Background: Given the fast-paced nature of today's technology, which has surpassed human performance in tasks like image classification, visual reasoning, and English understanding, assessing the impact of Machine Learning (ML) on energy consumption is crucial. Traditionally, ML projects have prioritized accuracy over energy, creating a gap in energy consumption during model inference. Aims: This study aims to (i) analyze image classification datasets and pre-trained models, (ii) improve inference efficiency by comparing optimized and non-optimized models, and (iii) assess the economic impact of the optimizations.

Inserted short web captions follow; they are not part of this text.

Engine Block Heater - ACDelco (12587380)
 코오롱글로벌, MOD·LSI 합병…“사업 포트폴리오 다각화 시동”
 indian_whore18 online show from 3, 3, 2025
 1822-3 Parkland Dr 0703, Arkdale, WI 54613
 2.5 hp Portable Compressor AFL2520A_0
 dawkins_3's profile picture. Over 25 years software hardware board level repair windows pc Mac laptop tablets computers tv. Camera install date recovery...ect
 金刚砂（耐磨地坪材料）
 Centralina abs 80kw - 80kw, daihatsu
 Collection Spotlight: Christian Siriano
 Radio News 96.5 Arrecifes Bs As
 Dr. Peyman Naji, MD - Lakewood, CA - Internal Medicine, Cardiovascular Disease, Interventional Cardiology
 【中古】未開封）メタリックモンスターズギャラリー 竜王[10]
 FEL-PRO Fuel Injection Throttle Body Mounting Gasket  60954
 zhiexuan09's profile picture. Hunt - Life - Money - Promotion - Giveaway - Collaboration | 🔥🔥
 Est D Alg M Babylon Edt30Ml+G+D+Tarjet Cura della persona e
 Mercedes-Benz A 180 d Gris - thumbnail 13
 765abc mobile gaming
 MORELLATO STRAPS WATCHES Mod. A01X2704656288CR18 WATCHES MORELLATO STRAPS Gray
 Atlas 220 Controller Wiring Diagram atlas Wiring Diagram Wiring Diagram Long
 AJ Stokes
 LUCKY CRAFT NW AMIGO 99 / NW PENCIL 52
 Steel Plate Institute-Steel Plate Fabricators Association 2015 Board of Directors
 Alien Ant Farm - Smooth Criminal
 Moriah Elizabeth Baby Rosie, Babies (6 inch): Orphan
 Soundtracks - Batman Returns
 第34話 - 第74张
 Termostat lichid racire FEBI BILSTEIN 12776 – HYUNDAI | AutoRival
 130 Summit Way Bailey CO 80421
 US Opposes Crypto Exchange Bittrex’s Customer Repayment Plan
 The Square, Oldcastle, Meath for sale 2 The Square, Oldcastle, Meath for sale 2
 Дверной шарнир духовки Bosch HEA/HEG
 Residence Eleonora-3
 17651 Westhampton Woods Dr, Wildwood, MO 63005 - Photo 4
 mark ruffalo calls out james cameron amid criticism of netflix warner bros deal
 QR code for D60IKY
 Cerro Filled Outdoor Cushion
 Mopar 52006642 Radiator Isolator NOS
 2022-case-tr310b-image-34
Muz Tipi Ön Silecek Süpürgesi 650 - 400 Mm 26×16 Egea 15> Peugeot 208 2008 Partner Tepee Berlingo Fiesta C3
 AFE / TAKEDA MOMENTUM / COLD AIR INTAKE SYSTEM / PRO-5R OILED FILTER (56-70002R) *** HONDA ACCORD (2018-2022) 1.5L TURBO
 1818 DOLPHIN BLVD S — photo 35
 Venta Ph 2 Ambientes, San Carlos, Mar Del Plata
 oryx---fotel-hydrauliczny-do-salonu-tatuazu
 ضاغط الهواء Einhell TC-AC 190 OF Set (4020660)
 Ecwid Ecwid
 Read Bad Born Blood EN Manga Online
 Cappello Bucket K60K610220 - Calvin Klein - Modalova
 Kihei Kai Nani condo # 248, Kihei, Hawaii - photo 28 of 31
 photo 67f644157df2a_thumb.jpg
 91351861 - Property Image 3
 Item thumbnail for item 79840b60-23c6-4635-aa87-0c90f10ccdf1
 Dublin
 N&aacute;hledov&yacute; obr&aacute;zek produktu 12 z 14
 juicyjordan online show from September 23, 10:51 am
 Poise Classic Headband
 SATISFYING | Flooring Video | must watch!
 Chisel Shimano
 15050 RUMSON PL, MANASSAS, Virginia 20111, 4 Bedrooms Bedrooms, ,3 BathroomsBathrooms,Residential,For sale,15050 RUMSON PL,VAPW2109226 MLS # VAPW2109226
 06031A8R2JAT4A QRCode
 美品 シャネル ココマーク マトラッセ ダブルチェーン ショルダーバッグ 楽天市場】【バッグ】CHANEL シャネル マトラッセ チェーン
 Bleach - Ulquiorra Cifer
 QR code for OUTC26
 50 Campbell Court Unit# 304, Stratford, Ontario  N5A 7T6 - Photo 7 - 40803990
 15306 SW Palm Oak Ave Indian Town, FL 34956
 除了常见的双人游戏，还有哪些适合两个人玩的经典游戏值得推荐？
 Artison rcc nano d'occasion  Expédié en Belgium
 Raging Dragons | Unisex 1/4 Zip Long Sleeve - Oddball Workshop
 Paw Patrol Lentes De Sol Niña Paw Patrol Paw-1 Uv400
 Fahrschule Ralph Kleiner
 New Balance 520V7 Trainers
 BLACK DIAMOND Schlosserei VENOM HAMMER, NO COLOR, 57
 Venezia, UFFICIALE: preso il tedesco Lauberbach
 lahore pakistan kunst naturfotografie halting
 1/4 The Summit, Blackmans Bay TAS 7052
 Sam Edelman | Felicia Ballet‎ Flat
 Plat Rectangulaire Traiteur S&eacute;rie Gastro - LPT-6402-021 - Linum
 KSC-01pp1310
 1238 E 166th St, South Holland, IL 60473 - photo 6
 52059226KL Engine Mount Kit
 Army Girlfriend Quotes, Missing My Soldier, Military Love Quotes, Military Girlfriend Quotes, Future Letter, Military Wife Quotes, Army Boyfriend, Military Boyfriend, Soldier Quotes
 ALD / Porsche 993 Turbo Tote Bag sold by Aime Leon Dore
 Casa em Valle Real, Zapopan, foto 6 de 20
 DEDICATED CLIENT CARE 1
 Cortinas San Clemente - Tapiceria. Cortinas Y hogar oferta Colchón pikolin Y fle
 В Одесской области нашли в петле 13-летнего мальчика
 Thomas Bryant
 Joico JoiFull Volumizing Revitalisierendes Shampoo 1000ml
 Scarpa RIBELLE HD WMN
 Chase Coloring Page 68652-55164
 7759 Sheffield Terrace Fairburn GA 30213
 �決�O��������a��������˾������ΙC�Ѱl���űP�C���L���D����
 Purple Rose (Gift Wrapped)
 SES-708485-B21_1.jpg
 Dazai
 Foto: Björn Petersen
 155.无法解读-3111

Method: We conduct a controlled experiment to evaluate the impact of various PyTorch optimization techniques (dynamic quantization, torch.compile, local pruning, and global pruning) to 42 Hugging Face models for image classification. The metrics examined include GPU utilization, power and energy consumption, accuracy, time, computational complexity, and economic costs. The models are repeatedly evaluated to quantify the effects of these software engineering tactics. Results: Dynamic quantization demonstrates significant reductions in inference time and energy consumption, making it highly suitable for large-scale systems. Additionally, torch.compile balances accuracy and energy. In contrast, local pruning shows no positive impact on performance, and global pruning's longer optimization times significantly impact costs. Conclusions: This study highlights the role of software engineering tactics in achieving greener ML models, offering guidelines for practitioners to make informed decisions on optimization methods that align with sustainability goals.